DVD Tuesday: ‘Cop Out’ and ‘The Losers’

by W. Andrew Powell

Tracy Morgan, Seann William Scott, and Bruce Willis in Cop Out

Tracy Morgan, Seann William Scott, and Bruce Willis in Cop Out


Coming out this week on DVD and Blu-ray: Bruce Willis and Tracy Morgan star as zany cops in Kevin Smith‘s action-comedy, Cop Out; a group of framed CIA agents try to clear their names in The Losers; plus a look at season two of Lexx on DVD.

Cop Out
Starring: Bruce Willis, Tracy Morgan, Seann William Scott, Michelle Trachtenberg, Jason Lee, Adam Brody, Fred Armisen
Director: Kevin Smith

Rated: 4/10

Cop Out made me realize that there are now two versions of Kevin Smith floating around in my head. The first Kevin Smith wrote and directed Clerks, Mall Rats, and Zack and Miri Make A Porno; three funny, clever films that show Smith’s ability to write amazing dialogue and tell great stories.

The other Kevin Smith is the director of Cop Out, a film that shares Smith’s sense of humour, but it’s a film that has little in common with the director’s best works. Approaching Cop Out as a fan, you might even wonder why Smith would get involved in the first place, aside from the chance to work with Bruce Willis.

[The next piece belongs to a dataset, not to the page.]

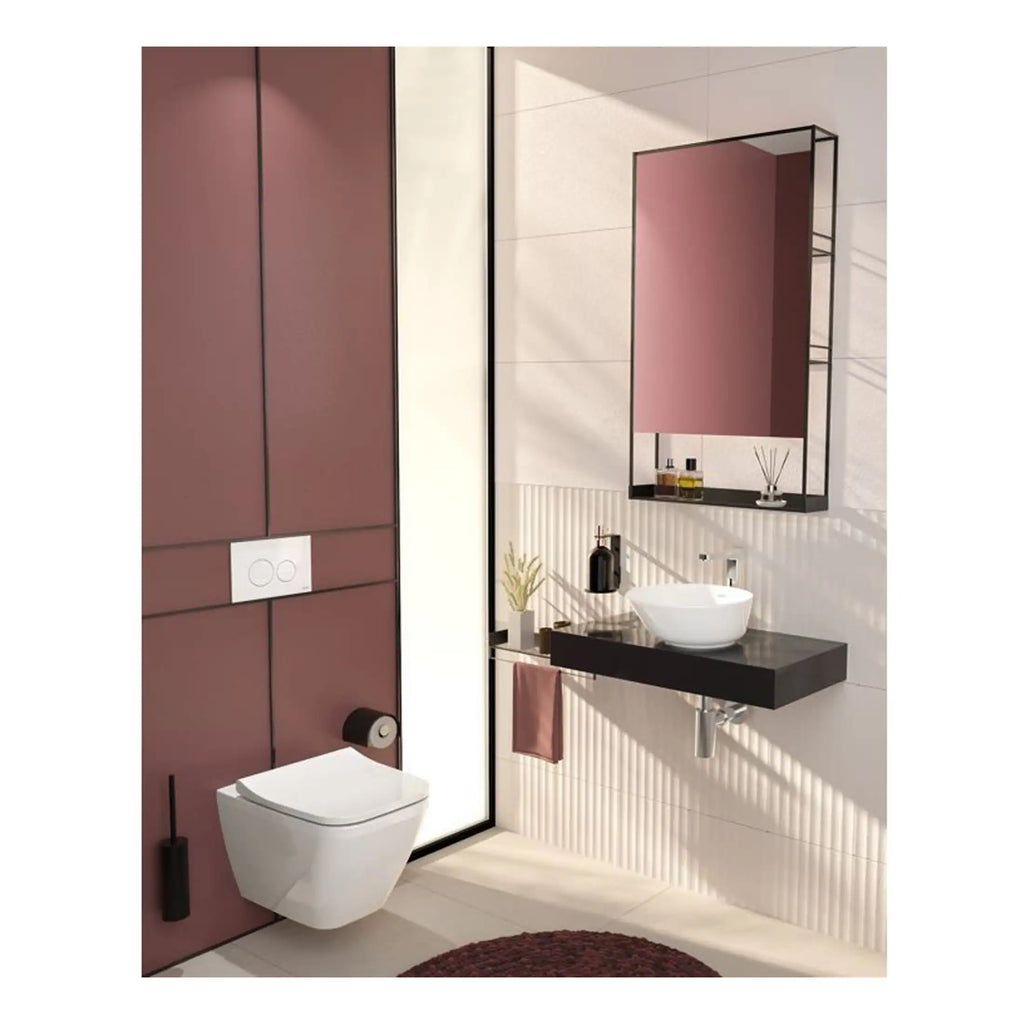Modern bathroom with wall-mounted toilet, black floating vanity with vessel sink, large pink accent wall, and stylish mirror cabinet, showcasing contemporary bathroom design ideas.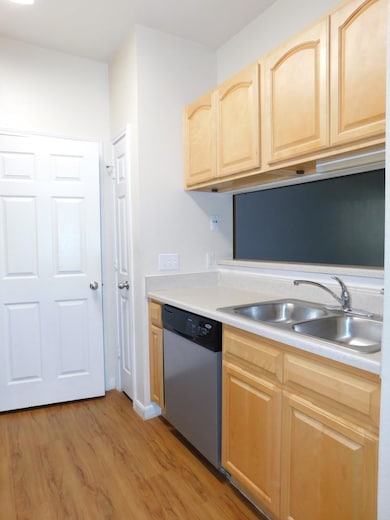 Kitchen with light brown cabinets, light countertops, dishwasher, and light wood-style floors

Willis and Morgan star as Jimmy and Paul, a pair of New York police officers who have been suspended from the force for a month because of a botched arrest that left their informant dead, and a ridiculous video of Paul on YouTube.

For Jimmy, the problem is that he’s short on cash as it is, and to help pay for his daughter’s wedding he needs to come up with a lot of money, and fast. His solution is to sell his prized 1952 Andy Pafko baseball card, but when a random thief, played by Seann William Scott, steals it, Jimmy and Paul find themselves in an awkward position involving a kidnapped woman and a local drug dealing gangster.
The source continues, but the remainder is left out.